SCHOELLKOPF (Advanced Refining Technologies)
I will basically echo much of what you have already heard. We are seeing more and more difficult molecules that need to be processed. Not only are there complicated molecules, but they are making up a higher percentage of the feed. Therefore, it takes some innovative approaches to the catalyst system design to resolve this challenge. The conventional methods are no longer necessarily sufficient. More of a good thing is not necessarily the optimal solution either. That is, you do not necessarily want to go for high HDN (hydro denitrification) or high alumina for HDN processing when you are also processing some other highly reactive feeds; for example, heavy coker gas oils. So, we generally just take feed from the refiner and tailor our loads based on what the refiner wants in the products.
PAPPAL (Valero)
I think there are a couple of universal rules in hydroprocessing or hydrocracking. You can never have too much reactor volume, and you can never have too much catalyst activity. As catalysts improve, refiners will take advantage of catalyst activity and reactor volume.
TRAVIS KIRK (Haldor Topsoe, Inc.)
I just want to stand and say that it is key for catalyst suppliers to keep up with the increasing demand on activity by making sure we have a fundamental understanding of the surface science. That way, you will be able to optimize the different parameters of the catalyst with respect to 1) pore size distribution, 2) pore volume of the catalyst, and 3) the catalyst surface area, such that you can tailor those parameters to the type of service for which you are designing the catalyst, as well as to the severity of the feed that you are treating.

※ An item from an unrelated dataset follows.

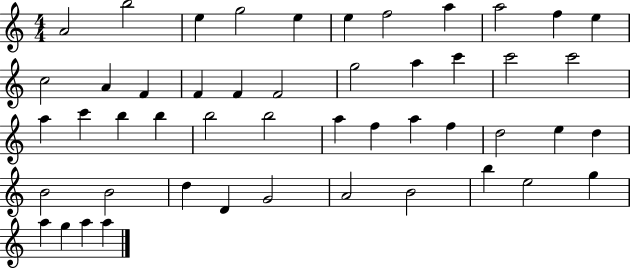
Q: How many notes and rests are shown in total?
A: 49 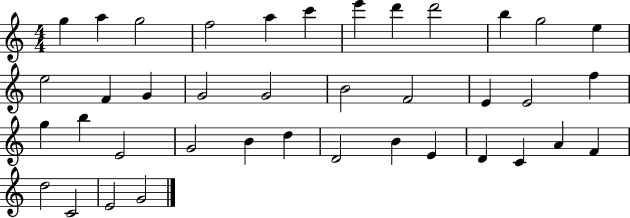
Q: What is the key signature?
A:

Also, with the increase in the severity of feed, you will see an increase in the number of metals on the catalyst. So, you need good metals trap catalyst. We are seeing a lot of arsenic and silicon – even in straight-run components that are typically supposed to be the easier-to-treat streams. So, you can have all the activity in the world in your main bed catalyst; but if you do not also have a good guard bed to protect that high HDS/HDN activity, the catalyst load will not have very good stability.

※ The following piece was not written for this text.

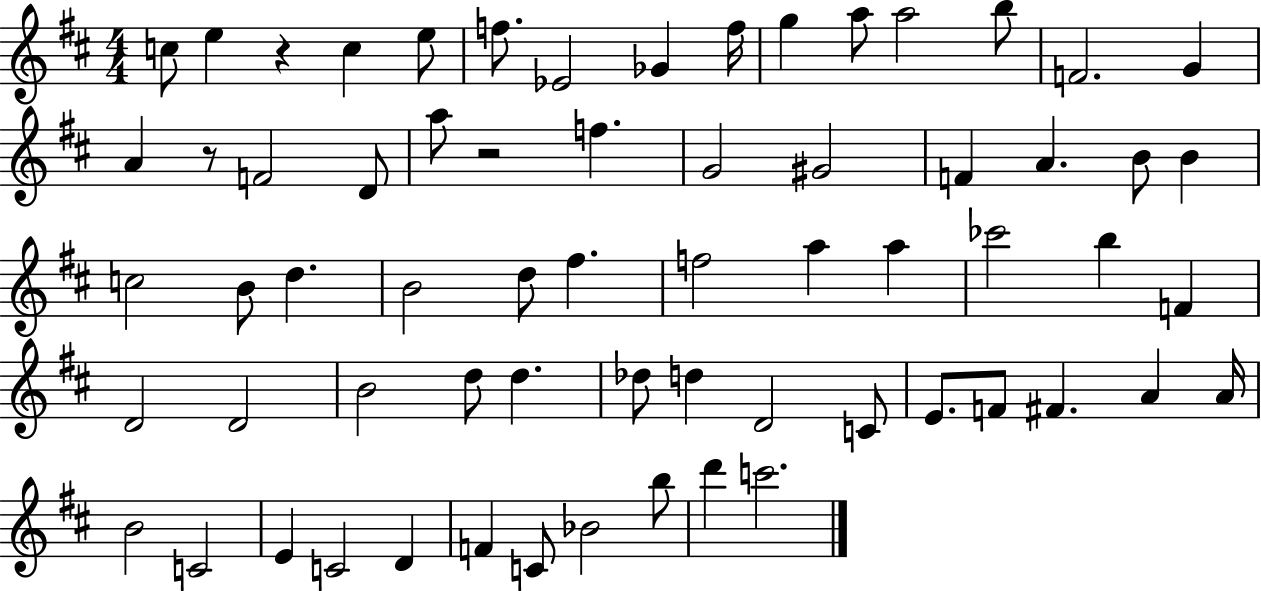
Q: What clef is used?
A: treble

STEVE ZINK (Honeywell UOP)
Catalyst development has focused on this very issue in its development of several of the highest activity hydrotreating catalysts in the Unity™ hydrotreating catalyst portfolio. The catalyst support is engineered to facilitate less diffusion resistance in the same extrudate size/shape class relative to its peers, but with improved interaction between the active phase and the support, leading to greater relative effectiveness for HDN/HDS/HDA and for uptake of metals like vanadium and nickel. This feature allows for the refiner to, at times, process heavier, more difficult feeds during the cycle. Considerately bundling this with a relative minority fraction of hydrocracking catalyst and/or aromatics saturation catalyst downstream can be applied to target specific yields and qualities of finished products. Further advancements in alumina preparation – to effect greater relative surface area – have led to improved silica uptake. Combining this feature with improved metals finishing techniques allows for greater relative HDS/HDN activity compared to the former generation.